Bila kita pelajari buku Sejarah Kebudayaan Indonesia karya Drs R Soekmono (1973), Islam yang mula-mula masuk ke Indonesia dari India di masa pramodern sebenarnya telah ikut membangun dan menjadi bagian dari akar-akar budaya Indonesia. Sejak kelahirannya pada abad ke-7 sampai kedewasaannya sebagai agama dunia, Islam mengalami perkembangan alam pikiran yang pada hakikatnya untuk mengimbangi perkembangan jiwa masyarakat-masyarakat pendukungnya, tentunya termasuk ketika melakukan proses pengislaman di Indonesia.

Dalam kerangka pikir tadi, maka dapat dimengerti bahwa jika kita banding-bandingkan visi dan misi empat partai Islam di Indonesia, mereka tidak seragam dalam pengawalan masing-masing terhadap agama Islam dalam kaitannya dengan politik. PAN, PPP, dan PKB bersikap terbuka dan tidak mengaitkan langsung kepentingan politik dan agama.
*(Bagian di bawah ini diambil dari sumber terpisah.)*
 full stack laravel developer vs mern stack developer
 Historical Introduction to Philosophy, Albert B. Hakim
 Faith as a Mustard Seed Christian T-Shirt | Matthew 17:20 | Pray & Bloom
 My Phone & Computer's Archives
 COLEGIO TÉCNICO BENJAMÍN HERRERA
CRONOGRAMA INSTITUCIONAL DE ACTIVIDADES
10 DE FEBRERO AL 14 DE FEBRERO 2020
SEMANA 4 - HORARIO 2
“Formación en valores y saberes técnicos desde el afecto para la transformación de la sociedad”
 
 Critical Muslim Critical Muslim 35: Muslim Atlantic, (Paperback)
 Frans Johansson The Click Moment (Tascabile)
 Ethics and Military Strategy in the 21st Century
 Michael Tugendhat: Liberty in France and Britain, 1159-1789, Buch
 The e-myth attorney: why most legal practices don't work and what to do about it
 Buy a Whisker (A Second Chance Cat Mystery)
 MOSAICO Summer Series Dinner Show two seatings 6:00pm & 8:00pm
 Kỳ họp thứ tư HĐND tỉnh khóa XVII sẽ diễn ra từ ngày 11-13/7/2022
Pendapat ini dibenarkan oleh seorang anggota senior PKB. Tetapi visi umum dan visi khusus PKS secara resmi menyatakan akan mengarahkan partai dakwah itu untuk memperjuangkan Islam sebagai solusi dalam kehidupan berbangsa dan bernegara; akan mengarahkannya menjadi kekuatan transformatif dari nilai dan ajaran Islam di dalam proses pembangunan kembali umat dan bangsa di berbagai bidang; akan mengarahkannya sebagai kekuatan yang menggalang dan memelopori kerja sama dengan berbagai kekuatan yang secita-cita dalam menegakkan nilai dan sistem Islam yang rahmatan lil 'alamin; akan mengarahkannya sebagai akselerator bagi perwujudan masyarakat madani di Indonesia. Apa artinya bagi awam umumnya?
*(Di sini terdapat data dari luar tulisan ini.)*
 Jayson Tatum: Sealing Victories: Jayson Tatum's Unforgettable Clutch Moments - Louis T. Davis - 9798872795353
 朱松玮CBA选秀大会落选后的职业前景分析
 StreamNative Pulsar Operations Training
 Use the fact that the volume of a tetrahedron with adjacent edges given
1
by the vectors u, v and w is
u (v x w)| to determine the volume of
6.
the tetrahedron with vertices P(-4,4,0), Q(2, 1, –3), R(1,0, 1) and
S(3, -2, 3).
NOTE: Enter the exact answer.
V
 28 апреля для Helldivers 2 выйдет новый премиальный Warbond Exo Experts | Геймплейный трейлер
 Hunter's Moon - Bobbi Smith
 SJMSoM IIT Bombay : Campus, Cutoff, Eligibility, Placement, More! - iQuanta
Tentu kita menunggu langkah konkret PKS untuk membuktikan bahwa dia bukan eksklusif dari dan untuk umat Islam. Pemilu 2009 menghasilkan 57 kursi untuk fraksi PKS di DPR, 46 untuk PAN, 37 untuk PPP, dan 28 untuk PKB. Dengan tiga partai nasionalis besar --Demokrat 148 kursi, Golkar 107, dan PDIP 94-- PKS masuk empat besar. Dia mengangankan masuk dalam tiga besar pada 2014. Siapa yang akan digeser dari tiga partai nasionalis besar? Pemilu 2014 akan menjadi ajang seru untuk menguji kekuatan maupun berbagai janji partai-partai politik.